WORK ITEM:
Transcribe all of the records precisely as they are presented.

═════ MATERIAL TO PROCESS ═════

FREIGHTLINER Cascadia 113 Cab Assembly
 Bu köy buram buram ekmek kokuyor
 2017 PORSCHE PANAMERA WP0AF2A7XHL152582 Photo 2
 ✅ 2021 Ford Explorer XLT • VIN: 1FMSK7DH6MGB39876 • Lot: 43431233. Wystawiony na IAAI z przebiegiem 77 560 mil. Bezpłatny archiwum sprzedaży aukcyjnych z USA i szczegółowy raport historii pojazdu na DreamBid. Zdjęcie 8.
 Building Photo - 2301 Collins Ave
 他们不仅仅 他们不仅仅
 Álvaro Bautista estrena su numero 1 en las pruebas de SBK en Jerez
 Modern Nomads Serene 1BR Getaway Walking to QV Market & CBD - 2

═════

ANSWER BELOW:
FREIGHTLINER Cascadia 113 Cab Assembly
 Bu köy buram buram ekmek kokuyor
 2017 PORSCHE PANAMERA WP0AF2A7XHL152582 Photo 2
 ✅ 2021 Ford Explorer XLT • VIN: 1FMSK7DH6MGB39876 • Lot: 43431233. Wystawiony na IAAI z przebiegiem 77 560 mil. Bezpłatny archiwum sprzedaży aukcyjnych z USA i szczegółowy raport historii pojazdu na DreamBid. Zdjęcie 8.
 Building Photo - 2301 Collins Ave
 他们不仅仅 他们不仅仅
 Álvaro Bautista estrena su numero 1 en las pruebas de SBK en Jerez
 Modern Nomads Serene 1BR Getaway Walking to QV Market & CBD - 2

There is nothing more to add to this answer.